Since the 1950’s cephalopods have reportedly seen a ‘boom’ in population, not just in open waters, but even closer to the shorelines between New England and Japan.
 
More and more cephalopods have been getting entangled in fishing equipment since the 1990’s and although there are more factors to consider before you can assume cephalopod population is increasing, a recent scientific study performed by Zoe Doubleday of the University of Adelaide and others carefully pieced together information gathered from 32 scientific surveys over the course of 60 years.
 
"The consistency was the biggest surprise," says Zoë Doubleday of Australia's Environment Institute at the University of Adelaide. "Cephalopods are notoriously variable, and population abundance can fluctuate wildly, both within and among species. The fact that we observed consistent, long-term increases in three diverse groups of cephalopods, which inhabit everything from rock pools to open oceans, is remarkable."
 
It would seem that human intervention over our oceans just might be the leading factor for the population increases in cephalopods.
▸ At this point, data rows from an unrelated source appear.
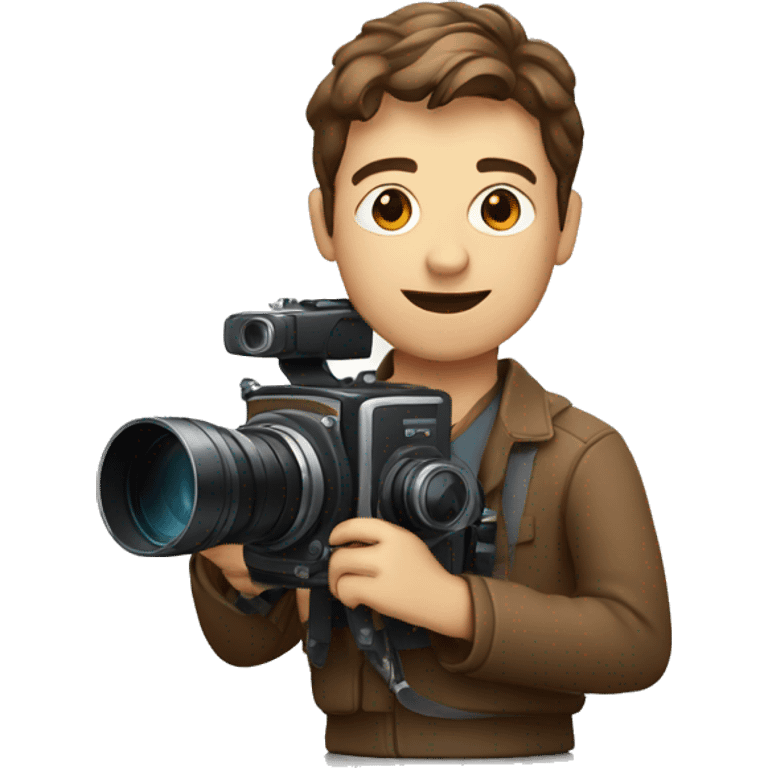 European film director with brown piled short hair holding a cinema camera emoji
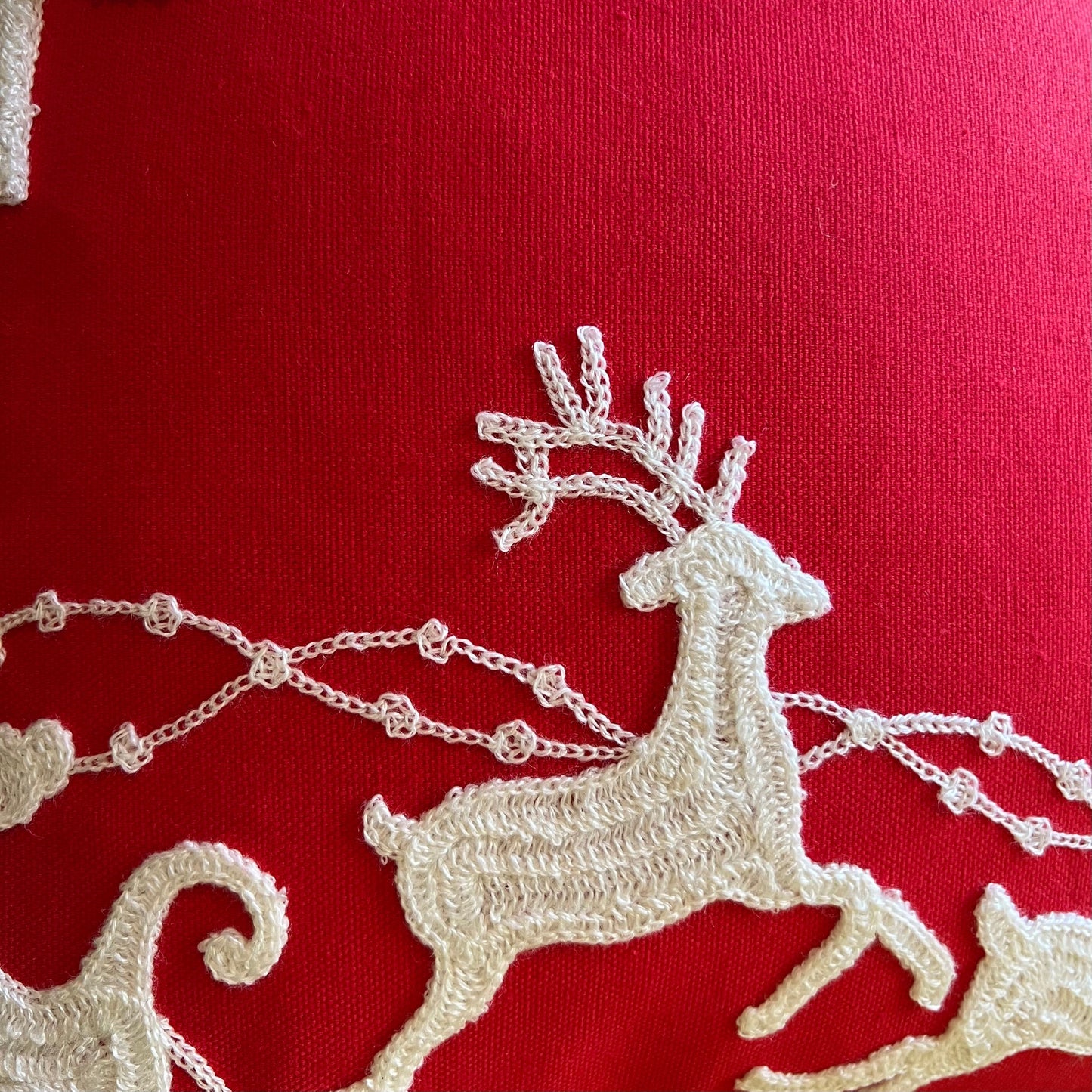 BUY ONE, GET ONE FREE | Santa and Reindeer Embroidered Pillow Cover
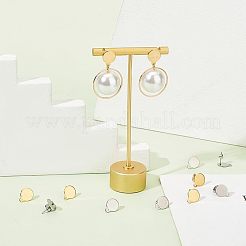 304ステンレススチールスタッドピアス金具  耳ナッツ  フラットラウンド  ミックスカラー  スタッドピアスのパーツ：40個/箱  イヤーナット：40個/箱&nbsp;STAS-UN0015-28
A duo of factors that might be allowing the species to thrive include fishing, which rids the ocean of potential predators, and global warming, which makes the ocean more habitable for the species.
 
They already have short life spans, fast growth rates, and other differences from many marine species, but human intervention is acting as a catalyst to speed up factors, such as mating and egg-laying, and allowing cephalopods to multiply in great numbers.
 
The effects of cephalopod numbers increasing may have an effect on the population of other marine life, as they’ll eat just about anything. But that also comes with a double-whammy, because cephalopods will even eat each other if presented with the opportunity. This is nature’s way of dealing with itself.

It would appear that cephalopods are enjoying their glory days in their moment of triumph.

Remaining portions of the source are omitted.